The Tropical Fruit Forum

Citrus => Citrus General Discussion => Topic started by: incubator01 on June 05, 2021, 06:11:25 AM

Title: acclimatising newly purchased citrus
Post by: incubator01 on June 05, 2021, 06:11:25 AM
Based on my previous topic of kumquats dropping leaves, and based on the fact that literally every citrus I bought from nurseries (local ones, planfor in France and oscar tintori) , even though they look really good on arrival, they start dropping leaves after some time, not right away but usually several weeks after repotting.

The cause of the leaves falling off are either winds of 15 - 20 km/h -which is not much but citrus do not like wind, and I place them against a wall, and under a roof when wind is heavier)
But lately the sun is sharp. The weather announcement first said day 1  21°C, the next day 24°C, the next day 28 °C. The wall my plants stand against get morning sun (the sun  rises here around  7 AM but due to neighbours, my plants only get it around 08:30 AM) and the sun disappears from my plants at 14:00 (give or take). However these last 2 hours were apparently a bit too much on the hottest day, most plants held up well, except some including the kumquat which I found weird as its supposed to handle heat.

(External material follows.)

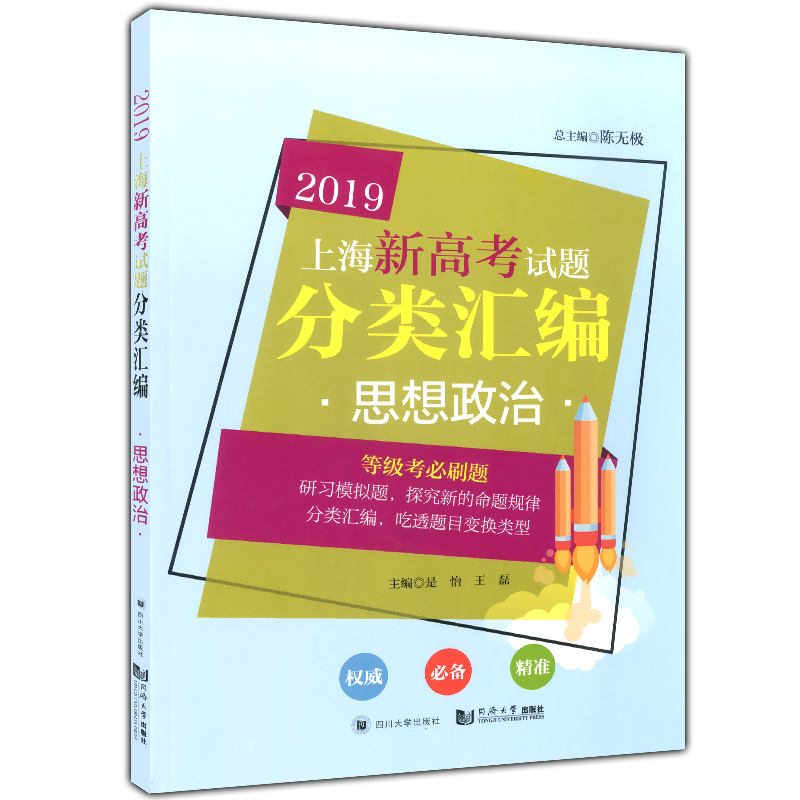 新版 2019上海新高考试题分类汇编 思想政治 高二高三高考第一轮复习用书 研习模拟试题总结分类必刷题 陈无极/编 同济大学出版社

Now, I don't want this to be a duplicate of the other thread, so mainly I wanted to ask here, is it required, common or best practice to "acclimatise" nursery bought citrus?
And how would I best do this? Especially in the future then I have to go back to work so I can't keep moving them around every hour.
Title: Re: acclimatising newly purchased citrus
Post by: brian on June 05, 2021, 07:41:43 AM
It sounds like your new trees would benefit from being in partial shade for a few weeks.  Either morning sun and afternoon shade, filtered partial shade all day. 
Title: Re: acclimatising newly purchased citrus
Post by: incubator01 on June 05, 2021, 08:04:13 AM
It sounds like your new trees would benefit from being in partial shade for a few weeks.  Either morning sun and afternoon shade, filtered partial shade all day.

Well that was what I was trying to achieve but i think it failed because the sun takes too long to go away, here's attached an image around 09:24 AM

(https://i.postimg.cc/ppFCzsxf/IMG-20210601-092458.jpg) (https://postimg.cc/ppFCzsxf)

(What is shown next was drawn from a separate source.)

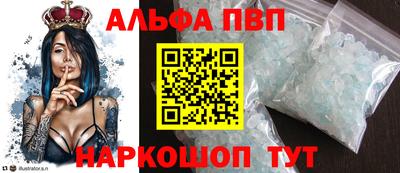 кристаллы Гусев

So My only resolution would be to move them out of there by noon and into the shady area under the patio roof.
However they then get sun in the evening at 17:00h because it's on the opposite side.

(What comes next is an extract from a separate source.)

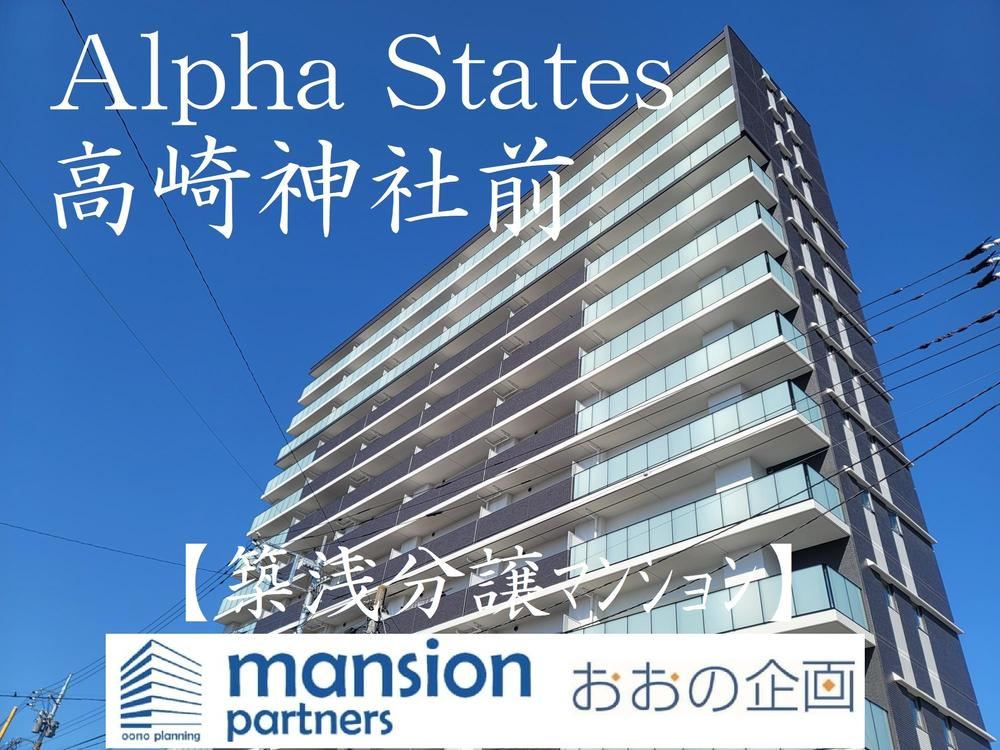 2LDK apartment in Takasaki, Gunma - Photo 1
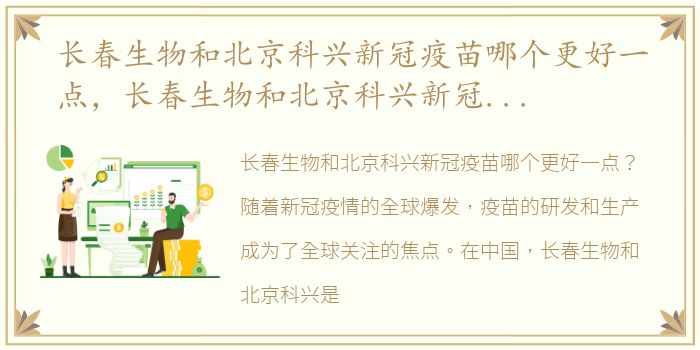 长春生物和北京科兴新冠疫苗哪个更好一点，长春生物和北京科兴新冠疫苗哪个更好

In addition, I read somewhere it would be a good idea to remove all fruit and flowers so the plant can focus on growing, however it is a shame but if it will help then I will remember this in the future.
Title: Re: acclimatising newly purchased citrus
Post by: lebmung on June 07, 2021, 05:43:35 PM
Leaf drop it's always a sign that the roots have problems, unless the leaves are really old, which is not your case. Alemow rootstock recovers well if the temperature is high enough. Maybe put some black plastic garbage bags around your pots with a tape, they will get much hotter and help grow roots, then in winter take them off so that the roots can dry from the terracotta pots.